4. A la différence d’autres pays, la Belgique n’a pas introduit de surtaxes sur les bonus exceptionnels. Il faut dire que nos taux sont déjà prohibitifs. Si la majorité des pays avoisinants ont des taux marginaux proches, ils s’appliquent à partir d’un seuil bien plus élevé (plus de 178.000 € au Royaume-Uni contre 35.060 € en Belgique).
La concurrence fiscale internationale est un élément important dans le domaine des rémunérations variables. En effet, le facteur « temps » fera que le travailleur peut avoir réalisé ses prestations en Belgique mais vivre et travailler dans un autre Etat au moment où le variable lui est payé. La remuneration peut ainsi être planifiée en mettant en concurrence le droit fiscal belge avec celui des autres pays. Il est frappant de voir que c’est l’OCDE qui a pris l’initiative en cette matière en tentant de définir des règles d’imposition communes en vue de prévenir non seulement une double imposition mais aussi une double exonération. Ces règles restent toutefois conditionnées par ce que l’employeur et le travailleur ont convenu. Ici aussi, l’octroi d’une rémunération variable peut être tout autant cause d’une incertitude que d’’une opportunité.

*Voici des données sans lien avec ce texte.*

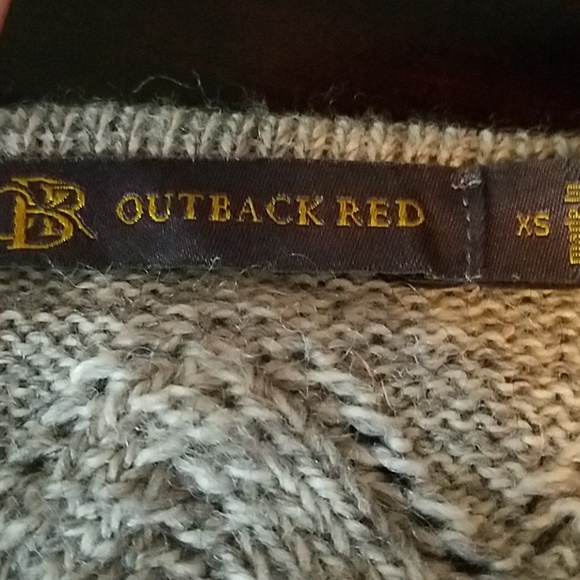 Outback Red Gray Color block Long sleeve Sweater - Picture 2 of 6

5. En conclusion, la gestion des rémunérations variables requiert des entreprises et de leurs conseils une approche globale corporate, social, fiscal et pensions. Si notre pays souhaite redevenir compétitif dans ce domaine, il devrait dès lors apporter un soin particulier, non seulement à maîtriser le coût de l’impôt sur le revenu, mais aussi et à coordonner et simplifier les different régimes juridiques.